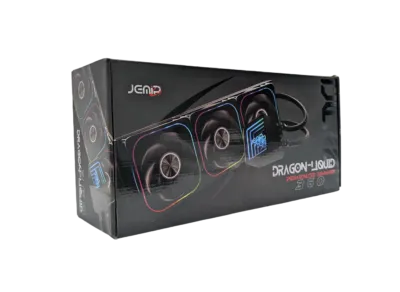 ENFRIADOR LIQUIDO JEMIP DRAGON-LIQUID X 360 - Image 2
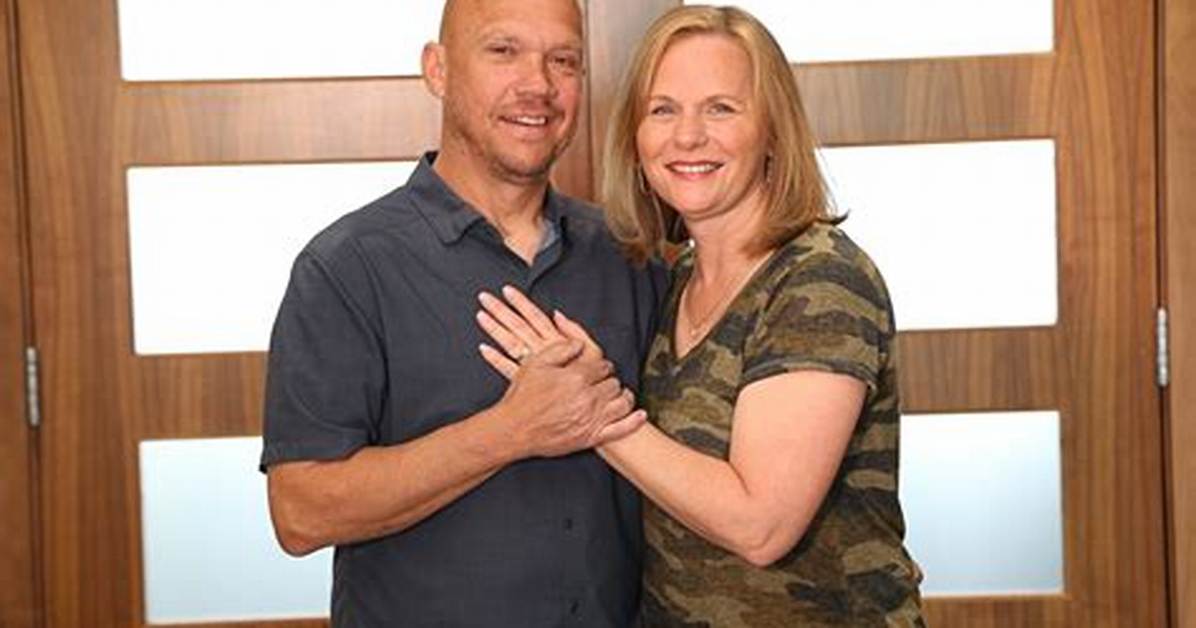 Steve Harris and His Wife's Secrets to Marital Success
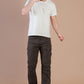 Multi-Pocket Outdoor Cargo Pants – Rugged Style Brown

==

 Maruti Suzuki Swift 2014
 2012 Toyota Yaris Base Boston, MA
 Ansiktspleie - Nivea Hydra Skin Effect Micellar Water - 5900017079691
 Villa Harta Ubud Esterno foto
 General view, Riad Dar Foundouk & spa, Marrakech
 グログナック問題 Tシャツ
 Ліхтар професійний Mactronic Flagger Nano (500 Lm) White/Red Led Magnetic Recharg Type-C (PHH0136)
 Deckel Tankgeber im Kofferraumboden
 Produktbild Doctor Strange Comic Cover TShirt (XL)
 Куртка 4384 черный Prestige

--

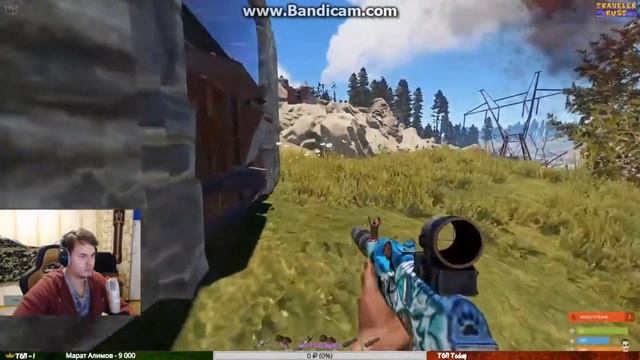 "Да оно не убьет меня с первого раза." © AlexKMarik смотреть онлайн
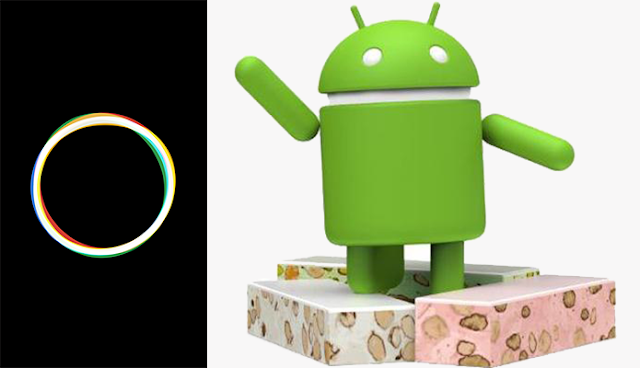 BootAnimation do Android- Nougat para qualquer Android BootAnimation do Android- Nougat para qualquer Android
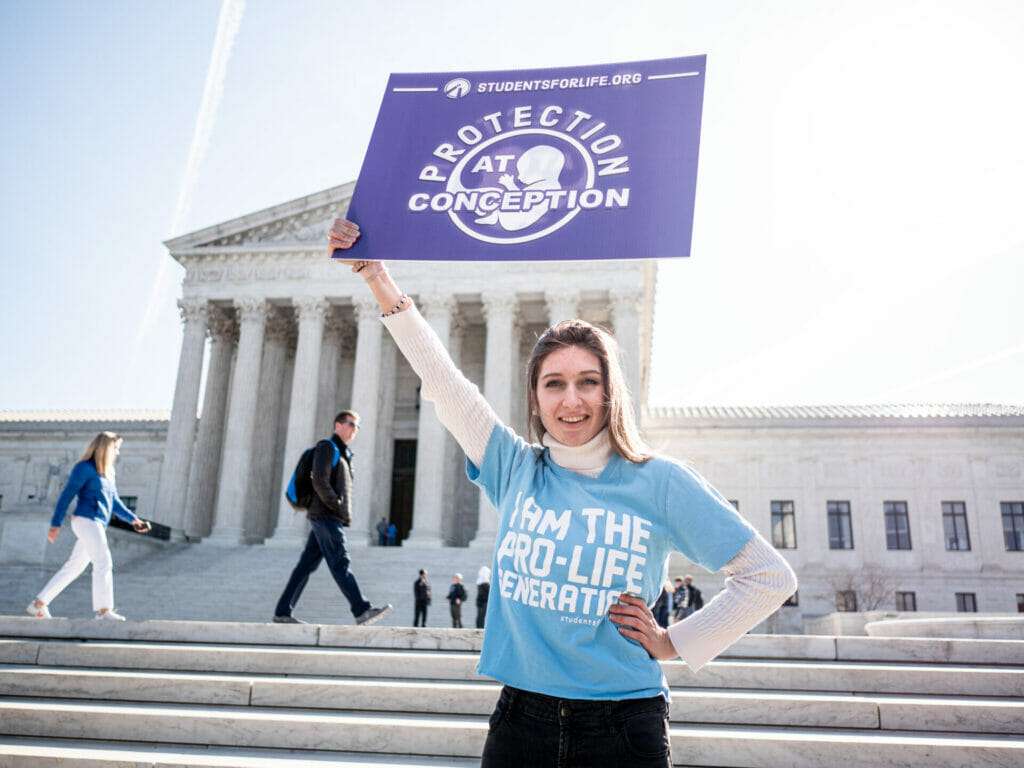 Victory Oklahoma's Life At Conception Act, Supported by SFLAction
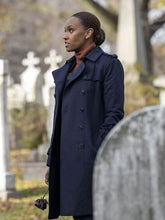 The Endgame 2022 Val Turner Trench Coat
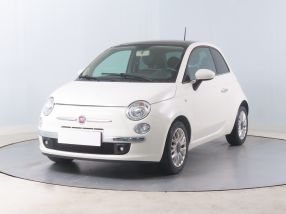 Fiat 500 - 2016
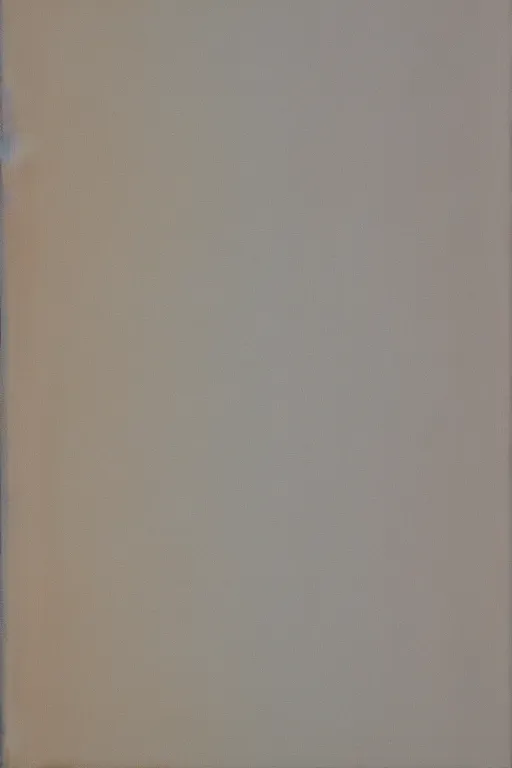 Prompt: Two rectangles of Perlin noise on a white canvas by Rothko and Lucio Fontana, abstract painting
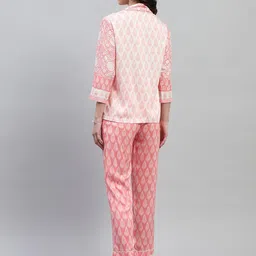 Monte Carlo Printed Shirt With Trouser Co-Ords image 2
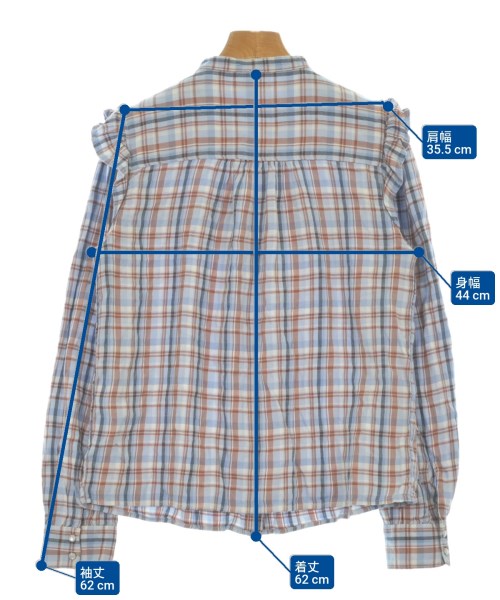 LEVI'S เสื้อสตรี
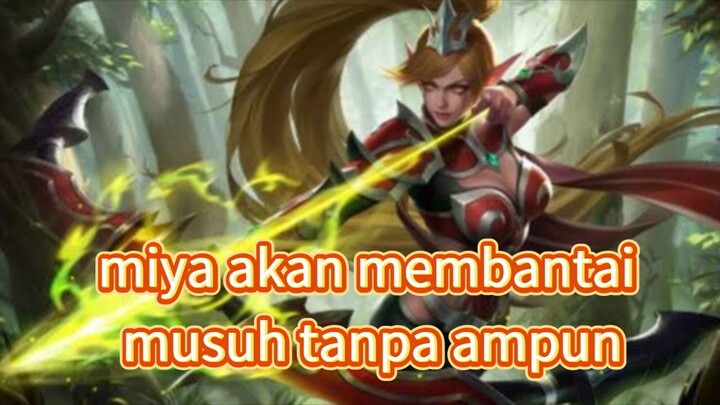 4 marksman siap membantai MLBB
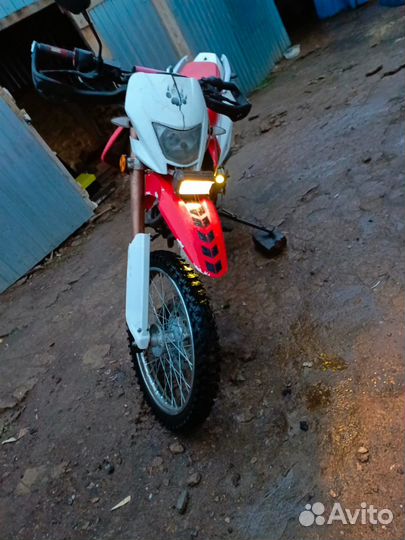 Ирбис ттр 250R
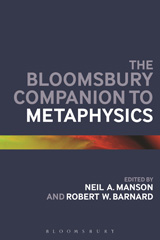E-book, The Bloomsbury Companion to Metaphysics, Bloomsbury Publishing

* Required work *
Could you reproduce exactly the lines of the entries above, from the one with "Produktbild Doctor Strange" through the one with "Куртка 4384 черный Prestige", and nothing else?

* Exercise answer *
 Produktbild Doctor Strange Comic Cover TShirt (XL)
 Куртка 4384 черный Prestige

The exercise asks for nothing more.